Performance criteria
Leases and concessions by their very nature set minimum performance criteria and sanctions for failing to meet these criteria. This again is an area where the typical lease/concession legal instrument falls short on delivering the legal framework required to incentivise the pursuit of excellence in the development, operation and re-investment in marina infrastructure. The incorporation of criteria within marina leases or concessions that reward measurable performance or outcomes is in the benefit of all stakeholders. Examples of these performance criteria could include:
• ISO or National Marina Standards
• Maintenance of service and infrastructure standards as measured by the Global Gold Anchor programme
• Maintenance of environmental outcomes as measured by the International Clean Marina programme
• Performance against other criteria specific to a particular marina, which might include boating public access to services and facilities at the marina, an example of which is the Sydney Harbour Destinations Plan in Australia [https://www.rms.nsw.gov.au/maritime/using-waterways/boating-destinations-plan/index.html]
The incorporation of these positive incentives within marina leases for the maintenance of standards for infrastructure and public outcomes is far more effective than minimum standards and sanctions in delivering positive community outcomes in the long term.

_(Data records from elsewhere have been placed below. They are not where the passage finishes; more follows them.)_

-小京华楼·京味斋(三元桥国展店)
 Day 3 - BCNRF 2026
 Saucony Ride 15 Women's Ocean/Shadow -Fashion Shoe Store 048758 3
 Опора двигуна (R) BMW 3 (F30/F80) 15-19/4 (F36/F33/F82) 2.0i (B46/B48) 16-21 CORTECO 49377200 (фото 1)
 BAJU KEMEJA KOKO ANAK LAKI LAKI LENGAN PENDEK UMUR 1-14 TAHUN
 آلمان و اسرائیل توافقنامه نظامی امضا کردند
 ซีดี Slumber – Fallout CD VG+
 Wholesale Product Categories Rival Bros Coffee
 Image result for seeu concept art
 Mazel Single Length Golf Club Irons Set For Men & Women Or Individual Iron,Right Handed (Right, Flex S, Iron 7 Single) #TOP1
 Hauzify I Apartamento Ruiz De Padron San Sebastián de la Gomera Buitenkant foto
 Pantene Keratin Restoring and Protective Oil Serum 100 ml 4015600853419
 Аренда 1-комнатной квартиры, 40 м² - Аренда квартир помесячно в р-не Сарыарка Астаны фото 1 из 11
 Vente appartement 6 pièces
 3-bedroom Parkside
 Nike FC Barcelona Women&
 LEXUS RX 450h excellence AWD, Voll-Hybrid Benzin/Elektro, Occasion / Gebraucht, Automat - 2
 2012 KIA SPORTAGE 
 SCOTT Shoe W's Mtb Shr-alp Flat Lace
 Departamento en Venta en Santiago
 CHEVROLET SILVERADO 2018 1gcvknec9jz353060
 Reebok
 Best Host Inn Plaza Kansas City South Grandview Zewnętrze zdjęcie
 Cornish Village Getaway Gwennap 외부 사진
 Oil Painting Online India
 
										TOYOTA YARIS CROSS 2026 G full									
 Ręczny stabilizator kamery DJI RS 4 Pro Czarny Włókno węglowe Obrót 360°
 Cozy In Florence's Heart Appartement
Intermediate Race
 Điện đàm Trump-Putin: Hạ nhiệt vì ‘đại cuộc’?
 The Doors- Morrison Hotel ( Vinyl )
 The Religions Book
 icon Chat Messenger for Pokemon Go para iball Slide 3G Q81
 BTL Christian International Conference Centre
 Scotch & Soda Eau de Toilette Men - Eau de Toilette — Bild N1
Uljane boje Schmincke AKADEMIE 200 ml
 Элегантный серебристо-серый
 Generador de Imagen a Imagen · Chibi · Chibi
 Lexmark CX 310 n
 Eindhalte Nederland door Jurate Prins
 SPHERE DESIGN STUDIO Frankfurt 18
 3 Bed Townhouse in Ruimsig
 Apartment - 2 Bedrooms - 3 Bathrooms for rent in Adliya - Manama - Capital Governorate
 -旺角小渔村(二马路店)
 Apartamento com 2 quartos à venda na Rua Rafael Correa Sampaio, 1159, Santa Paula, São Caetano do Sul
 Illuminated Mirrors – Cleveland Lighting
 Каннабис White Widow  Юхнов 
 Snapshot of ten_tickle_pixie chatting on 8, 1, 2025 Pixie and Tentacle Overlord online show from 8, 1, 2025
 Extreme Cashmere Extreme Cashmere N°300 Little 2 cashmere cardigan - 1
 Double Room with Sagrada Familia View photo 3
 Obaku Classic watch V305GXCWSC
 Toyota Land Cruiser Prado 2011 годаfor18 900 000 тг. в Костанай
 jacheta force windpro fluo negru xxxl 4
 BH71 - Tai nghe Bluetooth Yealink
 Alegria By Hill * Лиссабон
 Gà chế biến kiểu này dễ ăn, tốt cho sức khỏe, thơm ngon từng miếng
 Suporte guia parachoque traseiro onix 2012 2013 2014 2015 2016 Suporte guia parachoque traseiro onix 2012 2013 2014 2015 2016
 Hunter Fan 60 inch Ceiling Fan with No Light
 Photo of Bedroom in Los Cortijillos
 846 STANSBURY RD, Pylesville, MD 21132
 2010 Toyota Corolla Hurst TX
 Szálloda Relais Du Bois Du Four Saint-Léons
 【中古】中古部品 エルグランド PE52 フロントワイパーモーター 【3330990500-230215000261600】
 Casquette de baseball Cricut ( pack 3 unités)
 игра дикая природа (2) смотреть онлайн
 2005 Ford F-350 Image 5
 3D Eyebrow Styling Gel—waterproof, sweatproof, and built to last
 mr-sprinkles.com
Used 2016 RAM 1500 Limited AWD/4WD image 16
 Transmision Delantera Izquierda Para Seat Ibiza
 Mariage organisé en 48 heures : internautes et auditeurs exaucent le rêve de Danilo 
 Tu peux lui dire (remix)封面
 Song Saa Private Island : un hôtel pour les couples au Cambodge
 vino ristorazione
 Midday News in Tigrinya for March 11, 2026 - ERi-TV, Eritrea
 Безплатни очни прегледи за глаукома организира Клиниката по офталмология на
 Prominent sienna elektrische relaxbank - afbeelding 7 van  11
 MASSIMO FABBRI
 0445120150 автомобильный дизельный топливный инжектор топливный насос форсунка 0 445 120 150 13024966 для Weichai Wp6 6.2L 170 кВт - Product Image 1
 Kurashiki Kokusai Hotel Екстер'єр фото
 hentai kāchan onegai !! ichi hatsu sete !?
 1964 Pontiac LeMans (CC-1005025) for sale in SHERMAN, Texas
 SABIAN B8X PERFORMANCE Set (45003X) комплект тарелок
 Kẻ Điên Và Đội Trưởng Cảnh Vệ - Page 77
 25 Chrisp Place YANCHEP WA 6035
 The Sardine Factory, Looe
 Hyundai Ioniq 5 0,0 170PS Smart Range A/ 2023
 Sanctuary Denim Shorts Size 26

Marina lease/concession frameworks that incorporate the principles of sustainable occupancy costs for rents, provide long lease terms with renewability for re-investment or meeting performance criteria and adopt administrative terms that are not a burden to the landlord or lessee provide the framework for the delivery and operation of long term high quality and valuable marina infrastructure. They incentivise ongoing improvement and the pursuit of excellence. They promote competition based on quality of services and infrastructure, not just price. They create tourism attractions for towns and regions with commensurate economic activity and employment and they support an industry whose sole purpose is the enrichment of people’s lives through access to all forms of recreational boating. Our industry must clearly articulate this message. The benefits to the community and a proactive and long term vision from government policy makers will be in the best interests of their constituents. In some respects, it requires a change of mindset from industry and government alike, to adopt a proactive and collaborative approach where both parties can meet or exceed their expectations and where the ultimate beneficiary is the broader community.